AIM OF THE EXERCISE
Word for word, restate the lines from the one holding "シャープ　電子レンジ　RE-S SS8Bの画像" through the end of the data below, including both endpoints and nothing more.

ENTRIES SHOWN
※
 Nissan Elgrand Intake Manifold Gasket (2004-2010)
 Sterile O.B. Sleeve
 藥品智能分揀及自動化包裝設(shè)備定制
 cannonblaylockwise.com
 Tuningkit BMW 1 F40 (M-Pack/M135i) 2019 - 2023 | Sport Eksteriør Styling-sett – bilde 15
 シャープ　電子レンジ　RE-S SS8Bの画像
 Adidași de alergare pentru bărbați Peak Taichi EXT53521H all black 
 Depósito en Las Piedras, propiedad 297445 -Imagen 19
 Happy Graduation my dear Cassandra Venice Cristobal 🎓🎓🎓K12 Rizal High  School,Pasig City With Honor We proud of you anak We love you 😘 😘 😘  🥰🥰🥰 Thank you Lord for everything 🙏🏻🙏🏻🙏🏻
※
EXERCISE RESULT
 シャープ　電子レンジ　RE-S SS8Bの画像
 Adidași de alergare pentru bărbați Peak Taichi EXT53521H all black 
 Depósito en Las Piedras, propiedad 297445 -Imagen 19
 Happy Graduation my dear Cassandra Venice Cristobal 🎓🎓🎓K12 Rizal High  School,Pasig City With Honor We proud of you anak We love you 😘 😘 😘  🥰🥰🥰 Thank you Lord for everything 🙏🏻🙏🏻🙏🏻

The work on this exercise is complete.